GPTs are super cool and a powerful feature in any AI toolkit, but there is room for improvement in terms of effectively measuring GPT performance. Can we have an ELO based rating system to find the best GPTs for different categories (coding, math graphics etc)?
Thoughts on the following list of features for devs:
-Free, but low RPM/RPD dev endpoint for building esp helpful for smol devs
-Free limited number of [V] finetunes & RL a week also would be helpful. ><’
-Finetune Store to buy & sell FT GPTs & or training runs alone as skills/concepts/knowledge/behaviors so we could stack a bajillion Vision FTs and openai could collect the training runs/data too!
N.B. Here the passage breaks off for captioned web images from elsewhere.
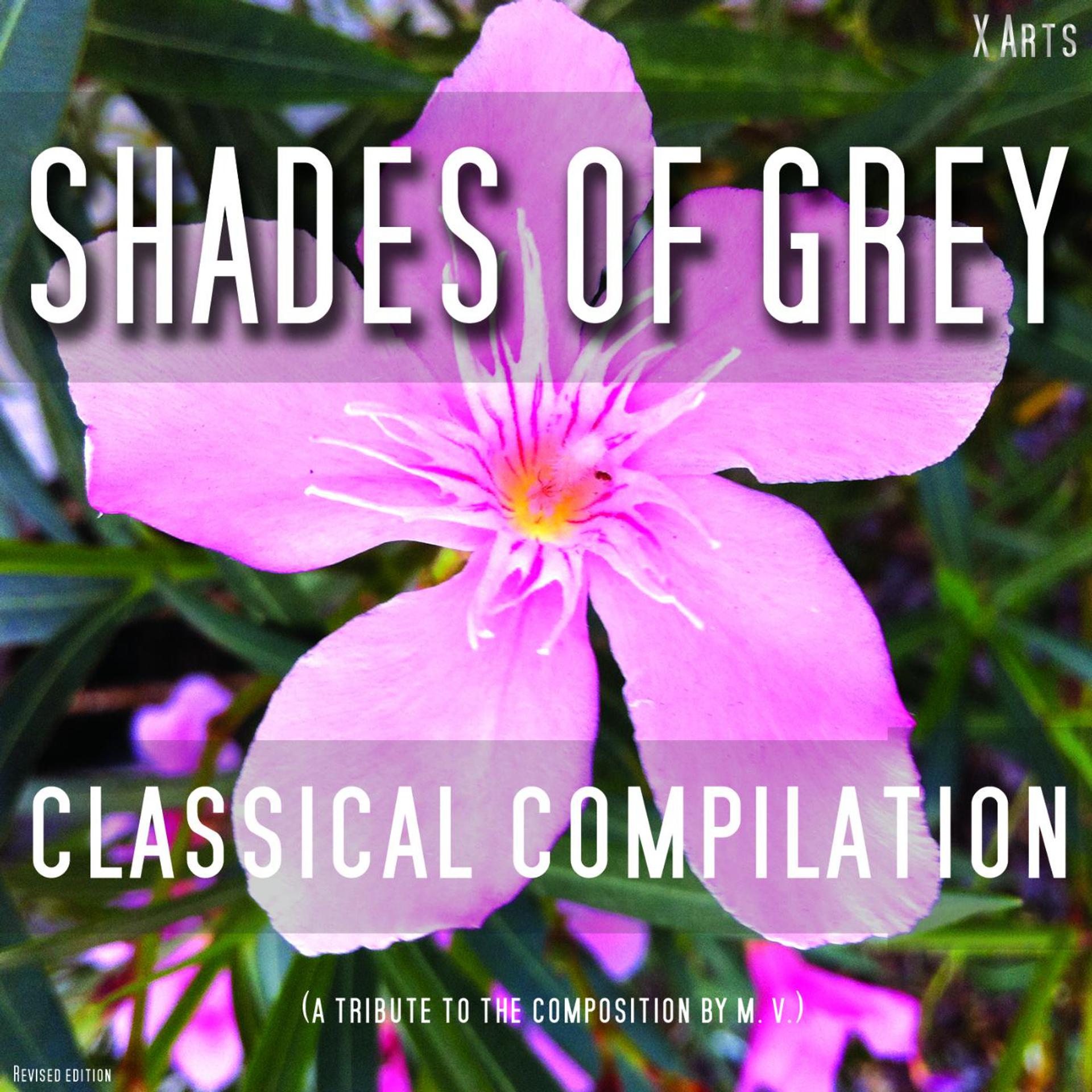 Постер альбома Shades of Grey - Classical Compilation ( Fifty Tracks )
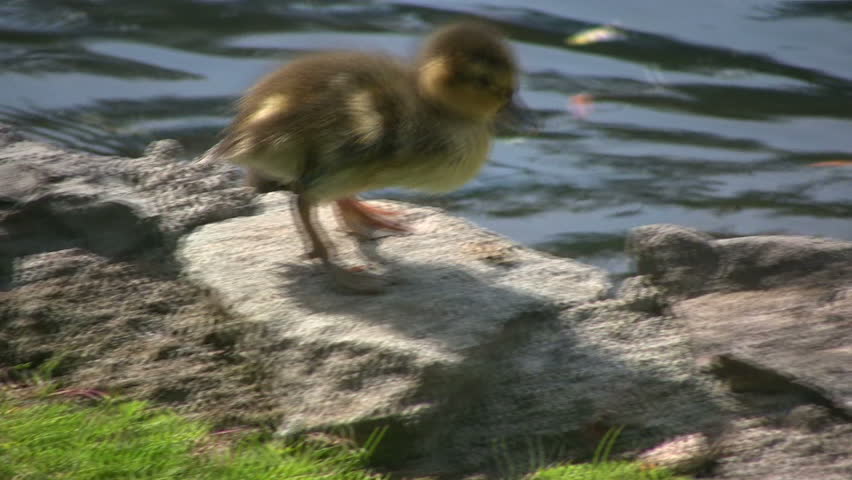 Baby duckling scurrying along the edge of the water then diving in. Shot in HD 1080i.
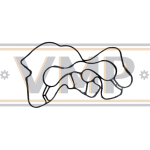 20459203-42443 - 20459203 - GASKET | VMP Spares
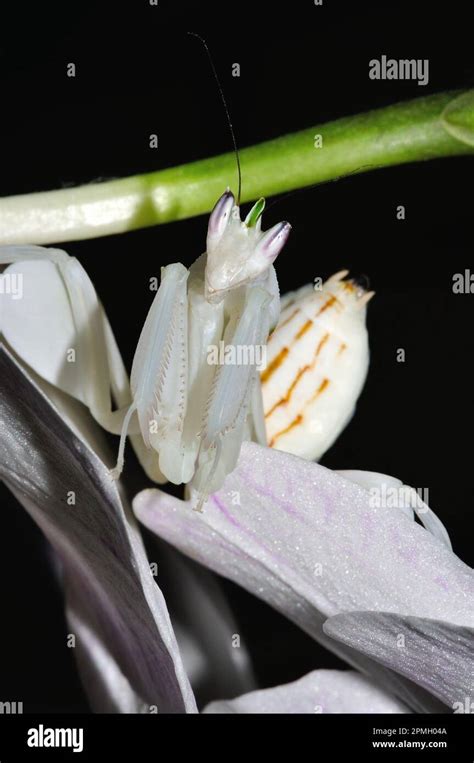 Hymenopus Coronatus Orchieen Mantis Kronenfangschrecke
-o1 w vision via api (w reasoning guide params) --i assume it’s close by prob lol
-vision models w updated FT w computer use/screen endpoint
and ty for all your hard work guys and for the OpenAI 12 days of Shipmas, it’s been fun. :3
I would like to propose a few ideas for your consideration regarding future access to such training opportunities:
Additional Free Training Periods: Would it be possible for OpenAI to schedule additional free training periods in the future? These initiatives are invaluable for students, researchers, and small developers who may not have the financial means to invest in full training sessions but are eager to contribute meaningful projects to the community.
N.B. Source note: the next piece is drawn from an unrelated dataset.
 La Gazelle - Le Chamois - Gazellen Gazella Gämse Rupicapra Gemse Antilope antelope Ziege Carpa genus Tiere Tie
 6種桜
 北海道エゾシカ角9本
Retaining Deprecating Models for Free Use: Instead of fully deprecating certain models annually, OpenAI might consider maintaining select models for free or discounted access. This approach could allow users to continue their research and development without incurring significant costs while enabling OpenAI to foster an even broader community of innovation.
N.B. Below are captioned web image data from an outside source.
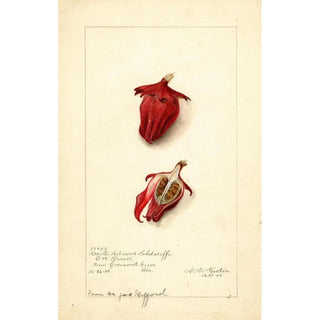 Hibiscus sabdariffa Roselle - Amanda Almira Newton — artwork view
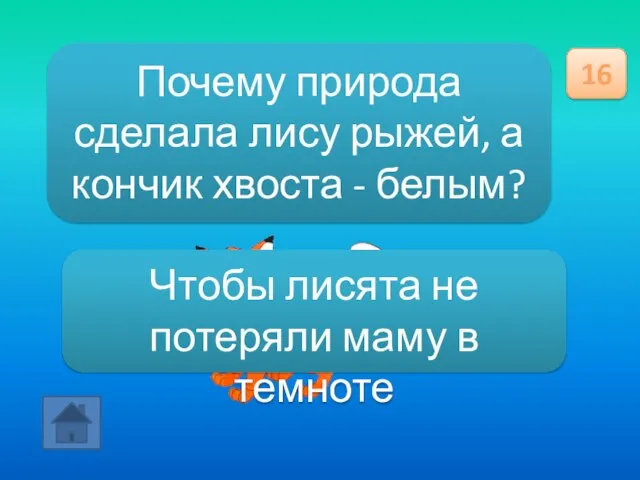 Почему природа сделала лису рыжей, а кончик хвоста - белым? 16 Чтобы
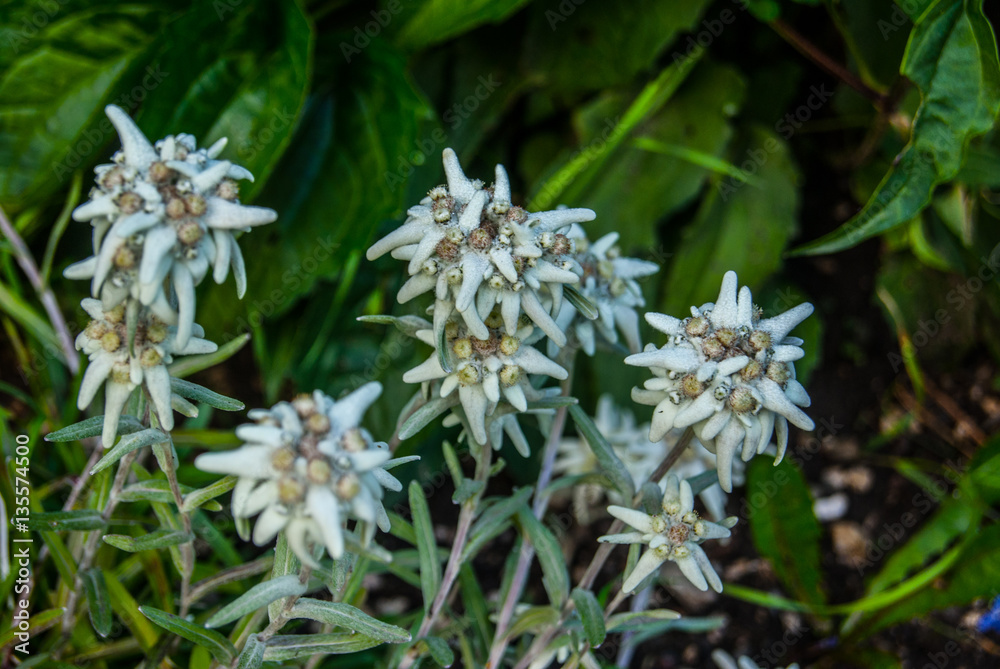 plants and beautiful flower plants and beautiful flower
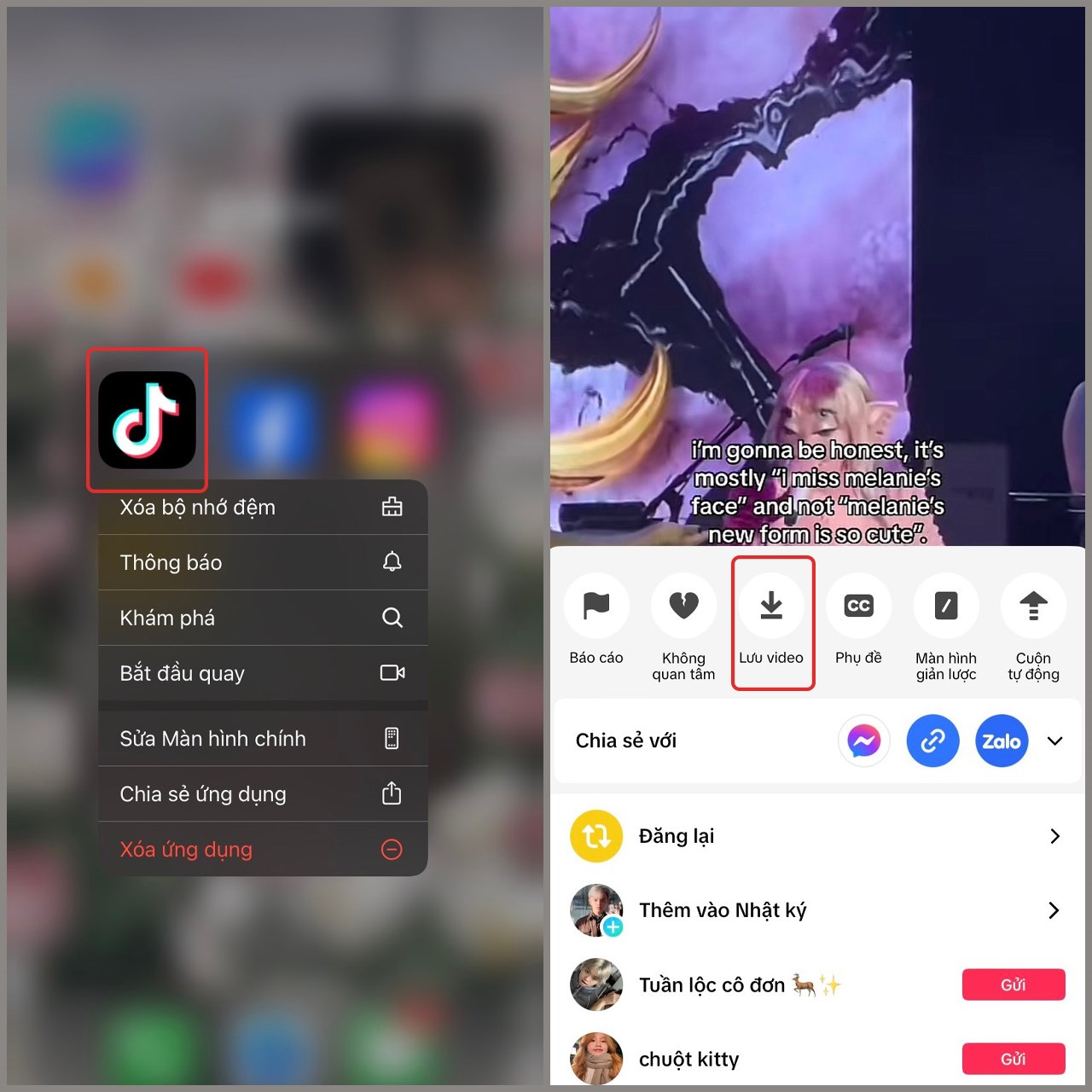 Cách tải nhạc từ video TikTok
Permanent Cost Reductions for Training: To make training more accessible, OpenAI could consider permanently reducing token and epoch costs for training by 50% or more. For instance:
Reducing token requirements (e.g., from 500,000 tokens to 250,000 tokens or less).
Limiting epoch counts (e.g., from 10 epochs to 5 epochs).Such adjustments could significantly lower financial barriers for many users while ensuring that the computational demand remains manageable. This approach would be particularly impactful for students, researchers, and smaller organizations looking to experiment with fine-tuning but constrained by budget limitations.
When do you increase the maximum TOKEN (input) in the API? We are developing a data analysis tool and this is a must. As it is now, it will be replaced by gemini.
Would love to hear from the API team if the endless newline bug was fixed with streaming structured outputs, where the API spits out newlines for 90 seconds and then disconnects. Gif of it here. In the community forums here. Thanks!